Er glaubte jetzt zu der Annahme berechtigt zu sein, daß er Emma noch nicht verloren geben dürfe; es galt nur, den Einfluß des prinzlichen Abenteurers zu zerstören, und das konnte ja nicht schwer fallen.
Er suchte gegenüber dem Wohnhause eine dunkle Thüröffnung, in welche er trat, bis sie mit ihrem Begleiter erschien. Sie zog den Hausschlüssel hervor, um zu öffnen, und eben wollte sie zur Seite treten, um dem Prinzen den Vortritt zu geben, als es hinter ihnen erklang:
»Halt! Magst Du nicht allein hinaufgehen, Emma?«
Sie fuhr erschrocken herum.
»Karl!«
»Ja, ich bin es. Bitte, geh hinauf! Ich werde Dir morgen am Tage meinen Besuch machen, um weiter mit Dir zu sprechen; zu so später Zeit aber verlangt kein ehrlicher Mann Zutritt bei einer Dame.«
»Herr, wer sind Sie?« brauste der Prinz auf.
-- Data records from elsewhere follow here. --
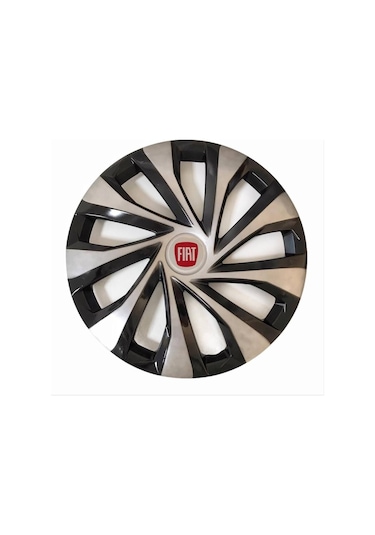 Fiat Albea 14'' Inç Gri - Siyah Jant Kapağı 4 Adet Çelik Jant Görünümlü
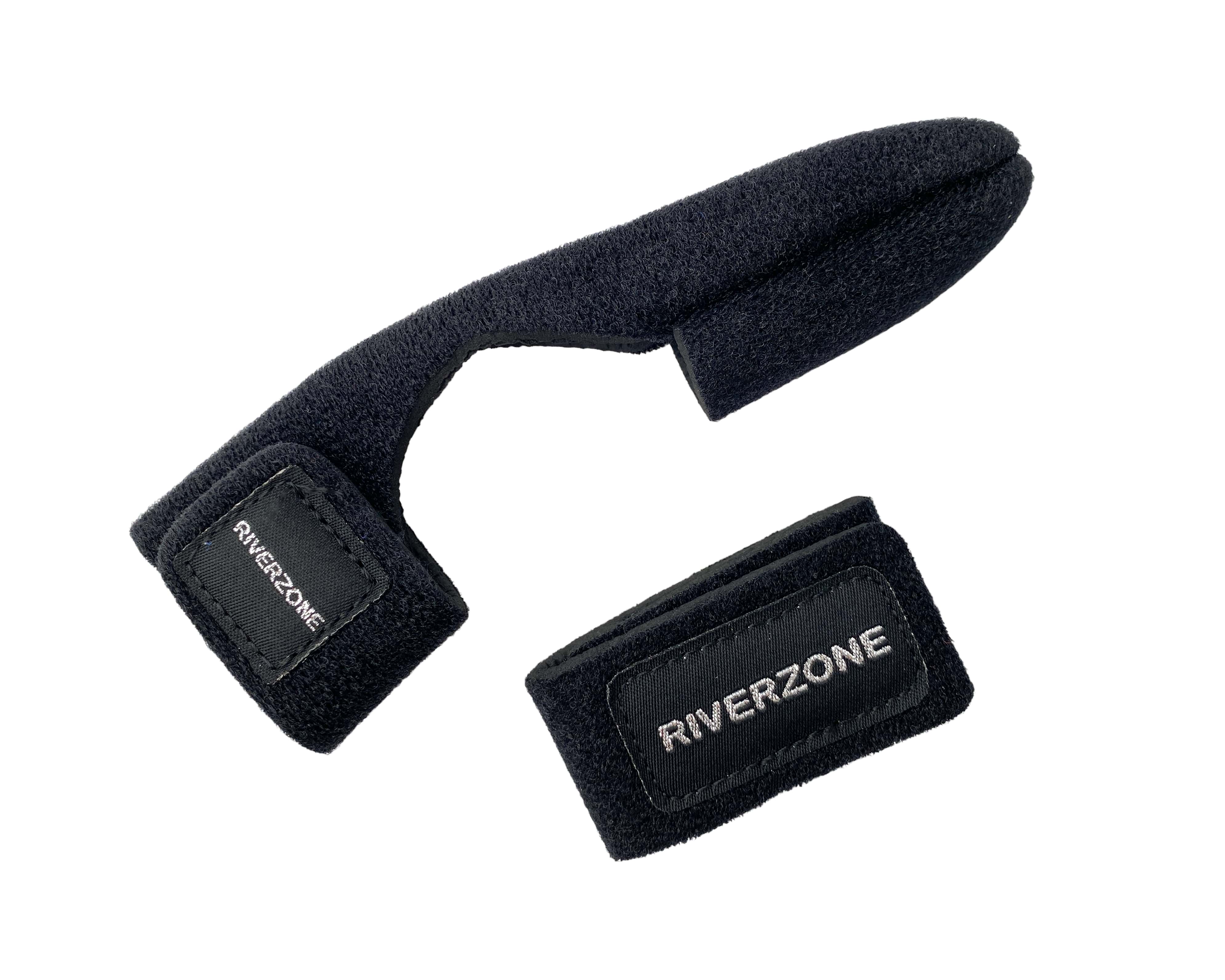 Стяжки Riverzone для удилищ неопрен 0008414L black (2шт) - фото 1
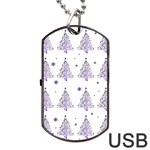 Christmas tree - pattern Dog Tag USB Flash (Two Sides) Front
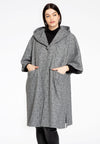 Poncho HERRINGBONE - grey - #2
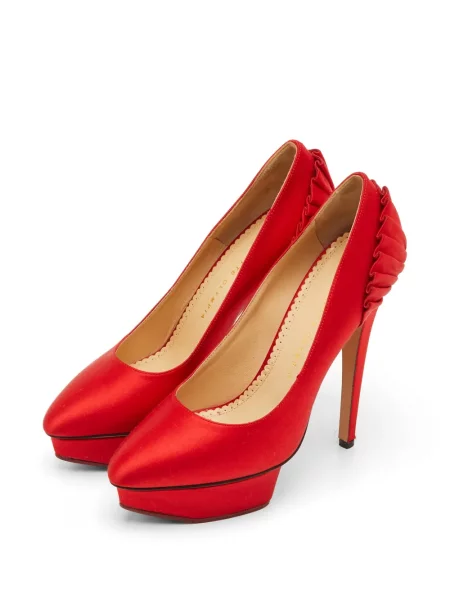 Pantofi cu toc Charlotte Olympia roșu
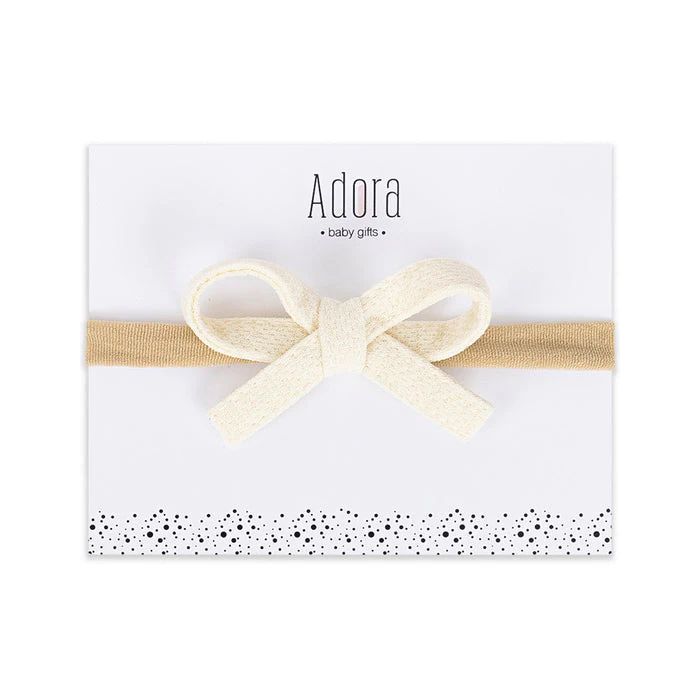 Adora Mini Waffle Bow Headband - ABG_MWBH001
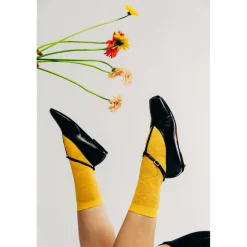 Calza corta in cotone con motivo broccato Smilace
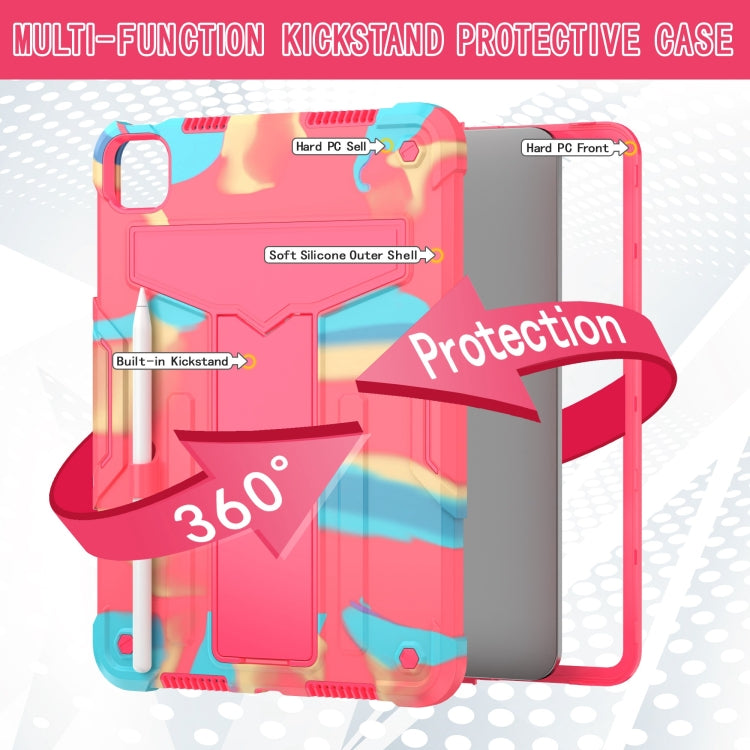 For iPad Pro 11 2025 / 2024 T Holder Robot Silicone Hybrid PC Tablet Case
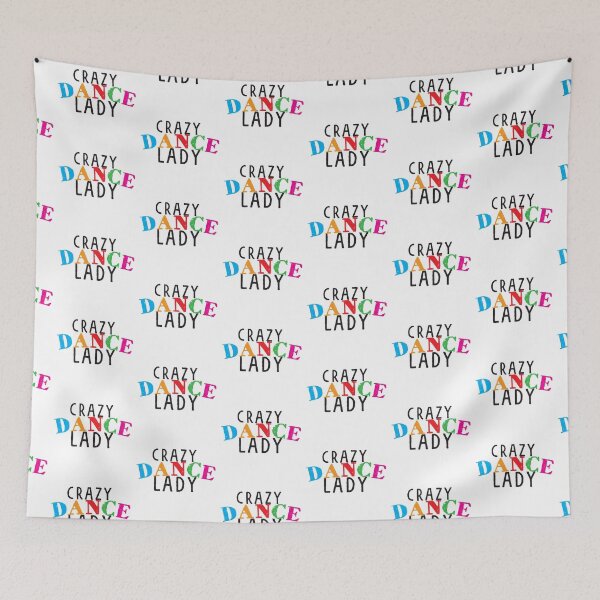 Item preview, Crazy Dance lady in rainbow colours designed and sold by jazzydevil.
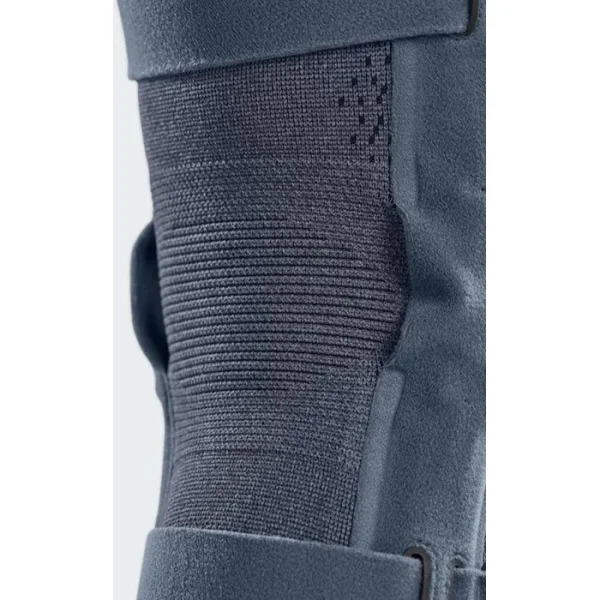 Medi Kniebandage Genumedi Pro Knieorthese Extraw., Silber, Mit Silikonring & Haftband, Größe V 7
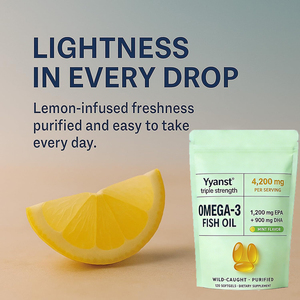 Cápsulas de aceite de pescado Omega-3 EPA de ALTA CALIDAD, suplemento en cápsulas blandas, AUMENTA LA INMUNITADE Y TIENE Efecto Antiinflamatorio - Product Image 2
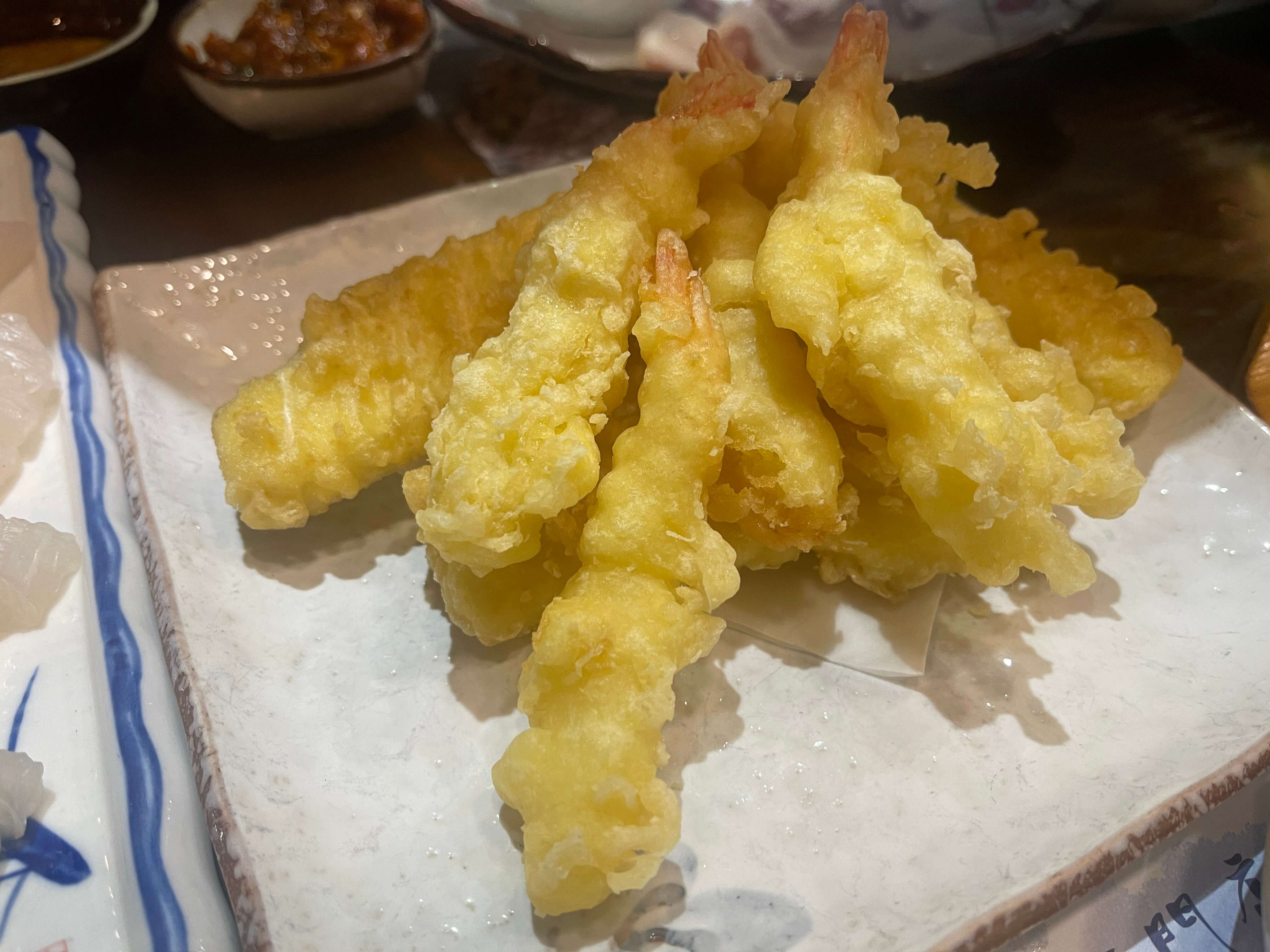 대구횟집 수성구술집 대풍회초밥 새우튀김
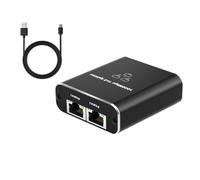 Booso Répartiteur réseau Ethernet 1000 Mbps pour 2 PC portable RJ45 Répartiteur 1 entrée 2 sorties Gigabit Ethernet Splitter Facile à installer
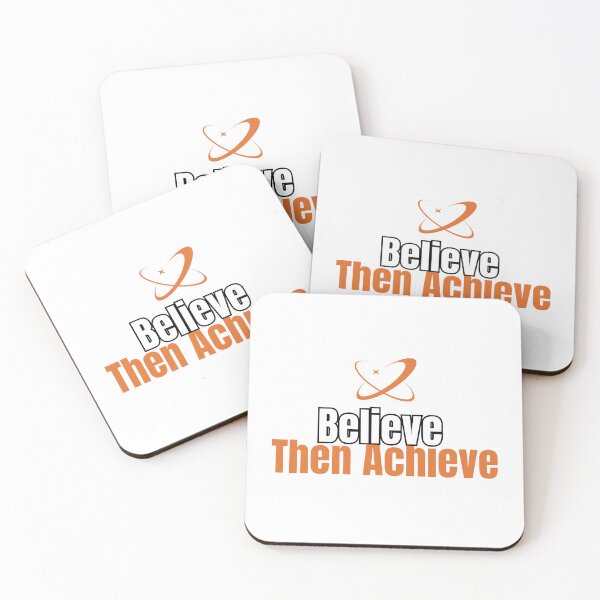 Item preview, Believe Then Achieve – Minimalist Motivational Typography Design designed and sold by Hayir Design.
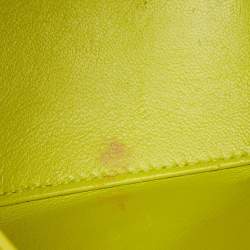 Pre Owned Balenciaga Yellow Leather Small Hourglass Top Handle Bag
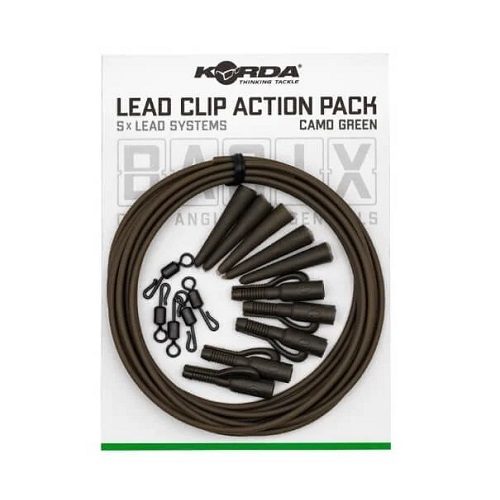 [KBX021] KORDA BASIX LEAD CLIP ACTION PACK (CAMO GREEN) KBX021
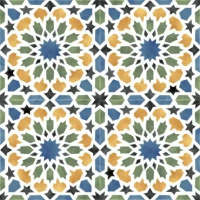 Керамогранит Nice Ker 7005 Tanger blue 45.2х45.2 микс матовый с орнаментом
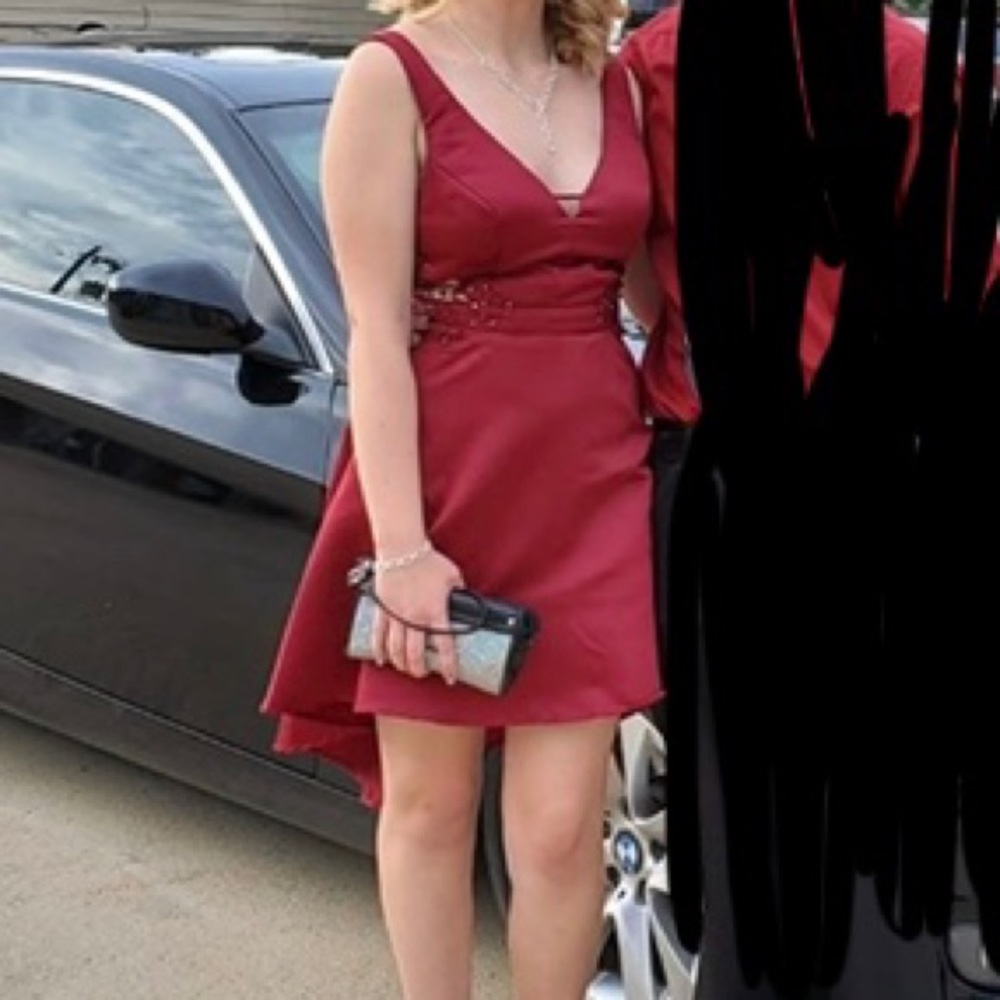 City Studio Maroon Homecoming/Prom Dress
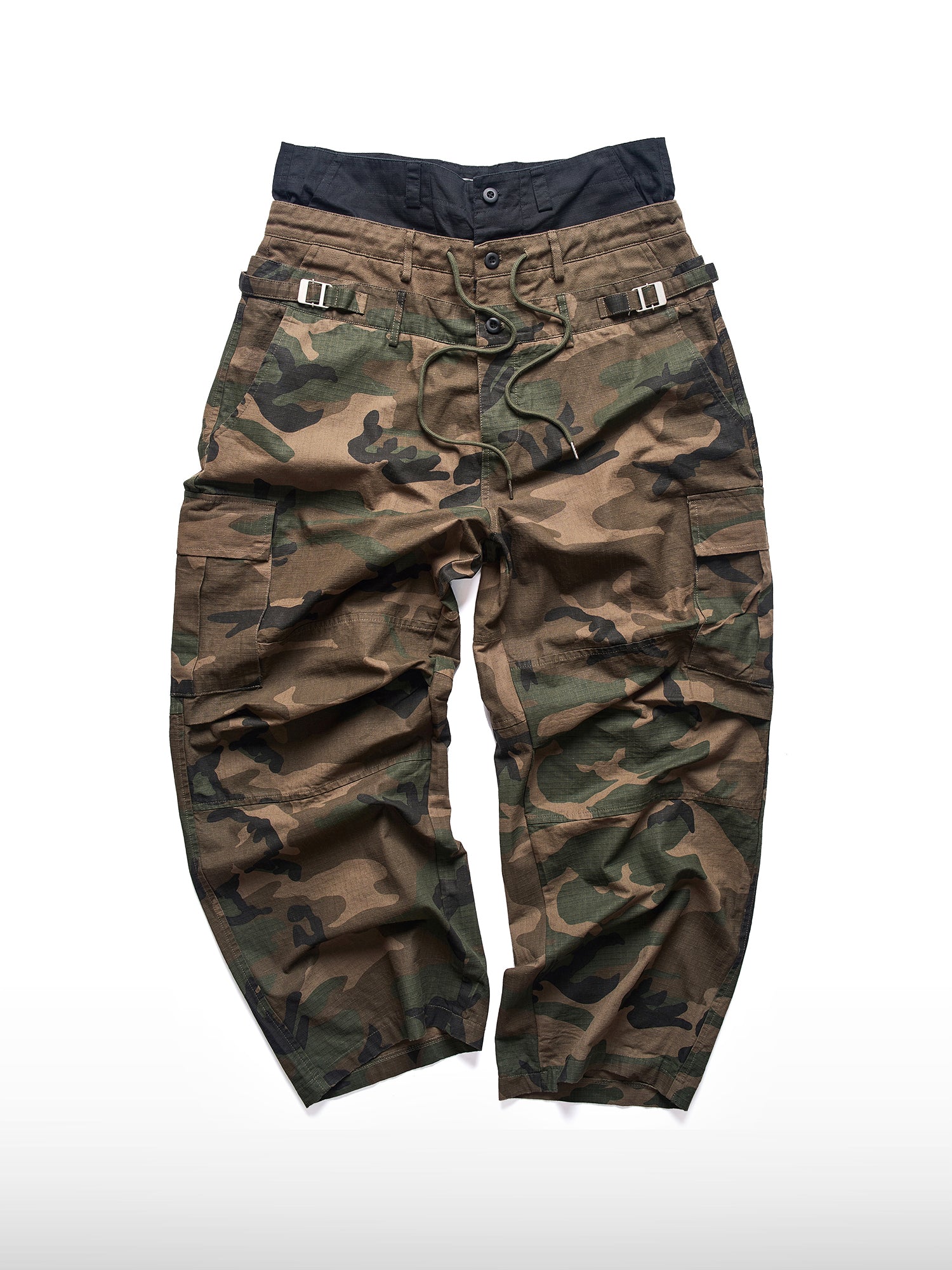 Triple-Waist Camo Pants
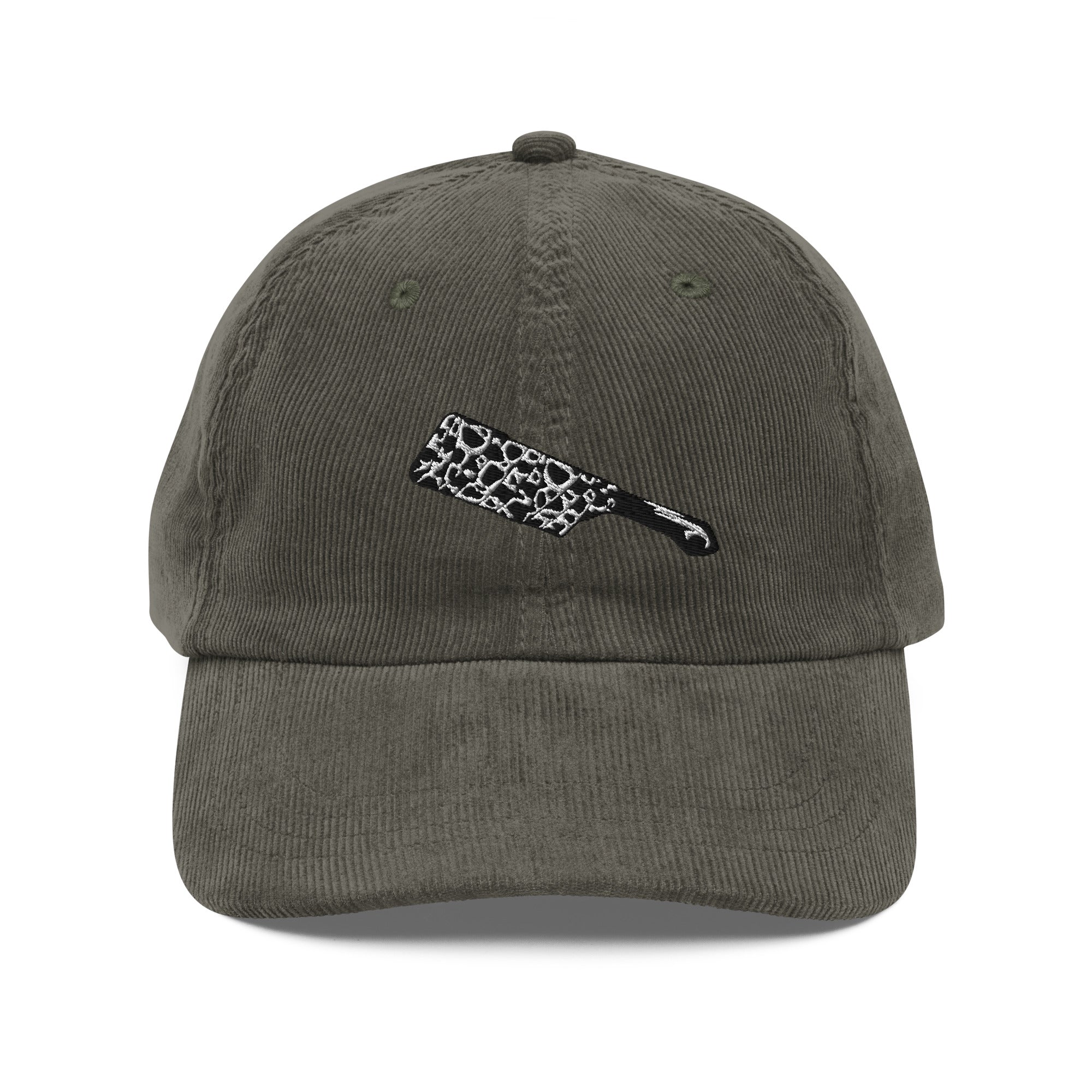 Embroidered Cotton Corduroy Cap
»Ich habe keine Veranlassung, meinen wahren Namen zu verbergen; doch brauche ich ihn nicht zu nennen; ich bin der Scriblifax, von welchem diese Dame Ihnen erzählt hat.«
»Schön! Dann treten Sie gefälligst zur Seite! Ich gestehe Ihnen nicht das mindeste Recht zu, uns den Eingang zu verwehren.«
»Und ich gestehe Ihnen nicht die Erlaubniß zu, ein Mädchen unglücklich zu machen, welche brav war, ehe es Ihnen gelang, Sie durch Lüge und Verstellung zu bethören. Dieses Haus werden Sie heut nicht betreten!«
»Wirklich?« klang es höhnisch. »Marsch, zur Seite!«
Emma war bereits nach den ersten Worten der Gegner im Flur verschwunden, doch stand die Thür noch offen. Wer Sieger blieb, konnte eintreten. Der Prinz hatte den Literaten beim Arme gefaßt und versuchte, ihn von der Thür zu drängen; es gelang ihm nicht.
»Herr, nehmen Sie die Hand von mir,« drohte Karl. »Ich möchte sonst vergessen, wer Sie sind!«
»Ah! Wer bin ich denn?«
»Entweder ein Prinz oder ein Schurke, was Beides zuweilen recht gut vereinigt zu sein scheint. Wählen Sie zwischen Beiden!«
»Spion!« knirschte der Prinz und faßte seinen Gegner mit beiden Fäusten vor der Brust. »Fort, sage ich, und zwar zum letzten Male!«
Karl drängte die Fäuste des Prinzen von sich ab, faßte ihn bei der Hüfte und schleuderte ihn gegen die Mauer.
»Wollen sehen, wer fortgeht, Sie oder – — – oh – Hülfe – — oh – — !«
Er brach zusammen, ohne den Satz vollständig aussprechen zu können. Der Prinz, von Wuth hingerissen, hatte den Degen gezogen und ihm denselben in die Brust gestoßen.
»So, Bursche; Du bist beseitigt. Jetzt hinauf!«
Ohne sich um die Folgen seiner That zu bekümmern, tastete er sich den Flur entlang nach der Treppe hin und stieg dieselbe empor. Droben stand Emma, zitternd vor Angst und Besorgniß.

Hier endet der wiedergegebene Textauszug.